- _How to complete this task_
Omit the pictures, then reproduce every remaining record exactly.

- _Task material_
::::
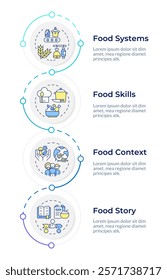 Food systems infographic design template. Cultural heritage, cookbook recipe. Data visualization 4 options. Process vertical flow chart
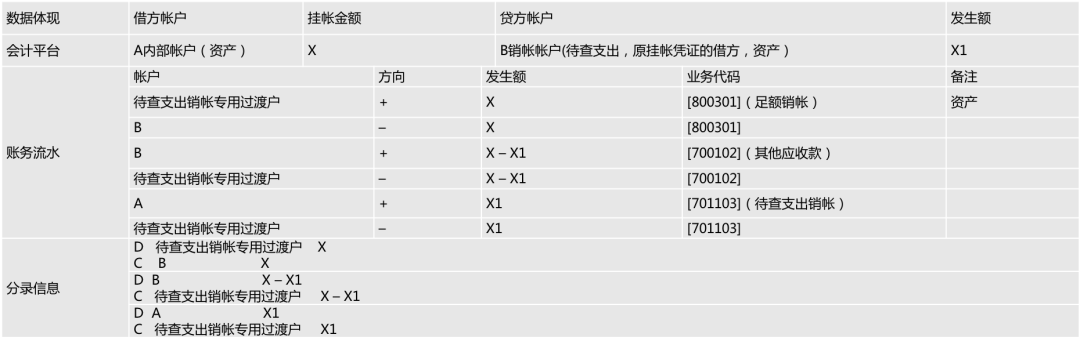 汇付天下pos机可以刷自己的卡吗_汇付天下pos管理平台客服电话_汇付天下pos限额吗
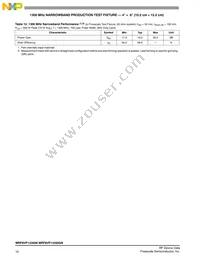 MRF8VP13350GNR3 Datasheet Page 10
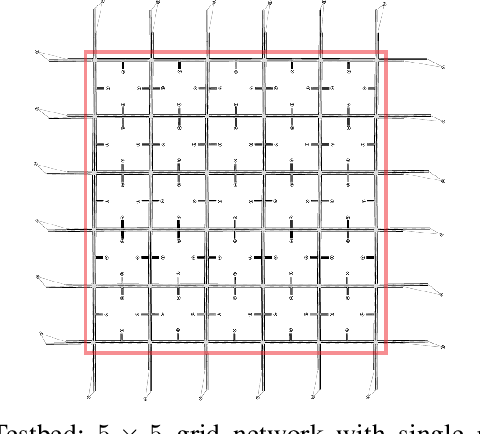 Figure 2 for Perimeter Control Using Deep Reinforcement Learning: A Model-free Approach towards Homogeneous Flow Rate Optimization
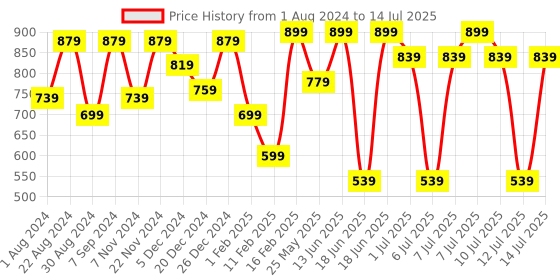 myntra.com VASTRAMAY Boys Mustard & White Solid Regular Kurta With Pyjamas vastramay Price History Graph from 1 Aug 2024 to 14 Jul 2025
::::
- _Worked solution_
 Food systems infographic design template. Cultural heritage, cookbook recipe. Data visualization 4 options. Process vertical flow chart
 汇付天下pos机可以刷自己的卡吗_汇付天下pos管理平台客服电话_汇付天下pos限额吗
 MRF8VP13350GNR3 Datasheet Page 10
 Figure 2 for Perimeter Control Using Deep Reinforcement Learning: A Model-free Approach towards Homogeneous Flow Rate Optimization
 myntra.com VASTRAMAY Boys Mustard & White Solid Regular Kurta With Pyjamas vastramay Price History Graph from 1 Aug 2024 to 14 Jul 2025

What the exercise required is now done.